If you have been avoiding this because of browser support concerns, Firefox 132 removing the flag means the compatibility picture is now good enough for most production use cases. The main holdout is Safari, which has partial support but continues to lag on the animation-range range syntax. The scroll-timeline polyfill from Google’s Bramus Van Damme remains a viable bridge for Safari coverage.

The Pattern Underneath These Features

What Chrome 146 represents, taken together, is a platform growing into problems that libraries have owned by necessity rather than by design. DOMPurify exists because there was no native sanitization primitive. The global custom element registry collision problem exists because the spec never anticipated library-scale component ecosystems. Both are now platform concerns with platform solutions.

The transition is not instantaneous. Safari’s absence from both the Sanitizer API and scoped registries means library support will matter for some time.
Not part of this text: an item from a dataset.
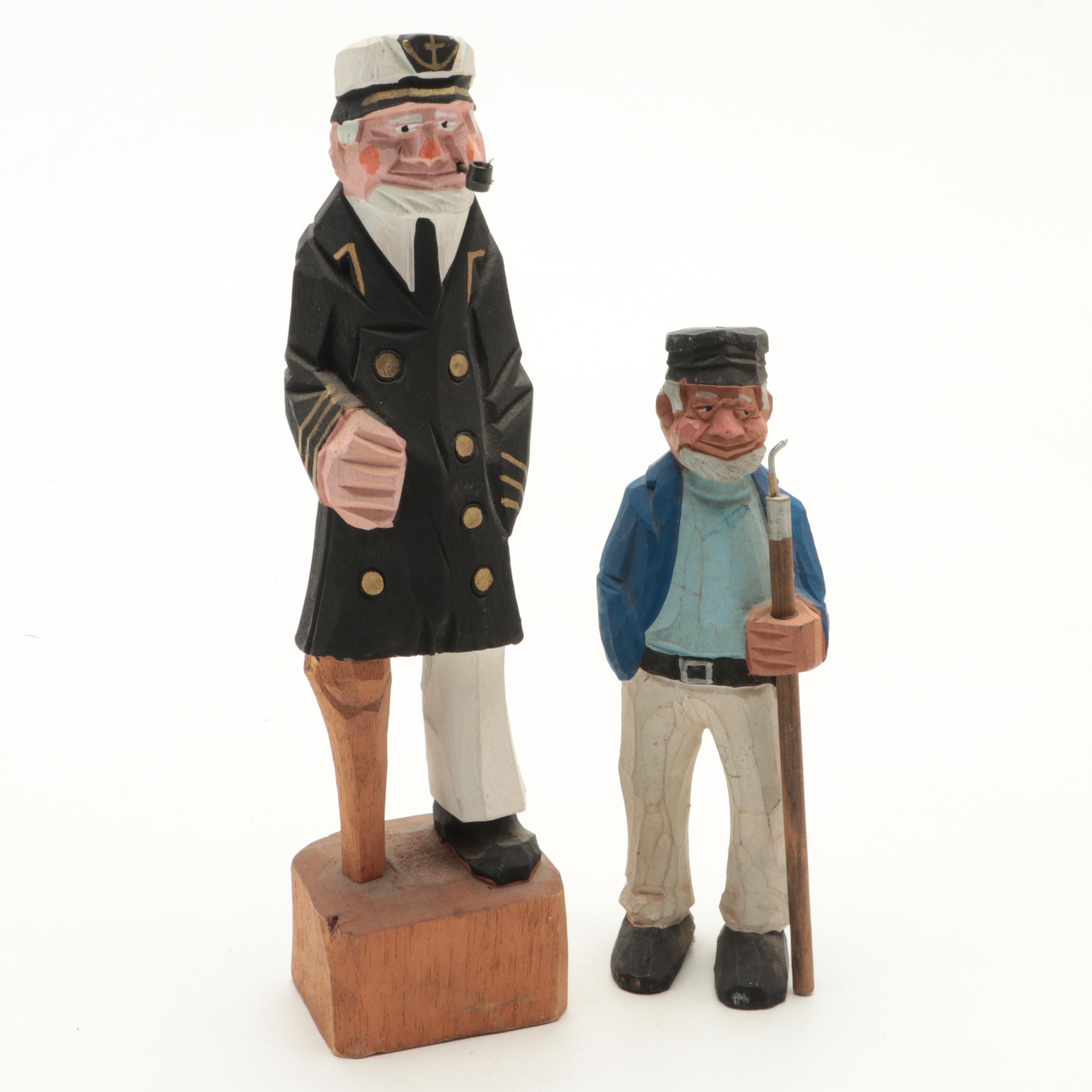 Carved Wooden and Resin Sailors and Lighthouse Figurines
But the direction is clear. The web platform is accreting the defensive and organizational infrastructure that used to require careful library selection, and Chrome 146 is a concrete step in that direction.

For anyone building applications that take and render user-provided content, including chat interfaces, comment systems, or anything embedding third-party markup, the Sanitizer API stable landing is the one to watch. The moment Safari ships it, dropping DOMPurify becomes a straightforward dependency audit rather than a compatibility risk.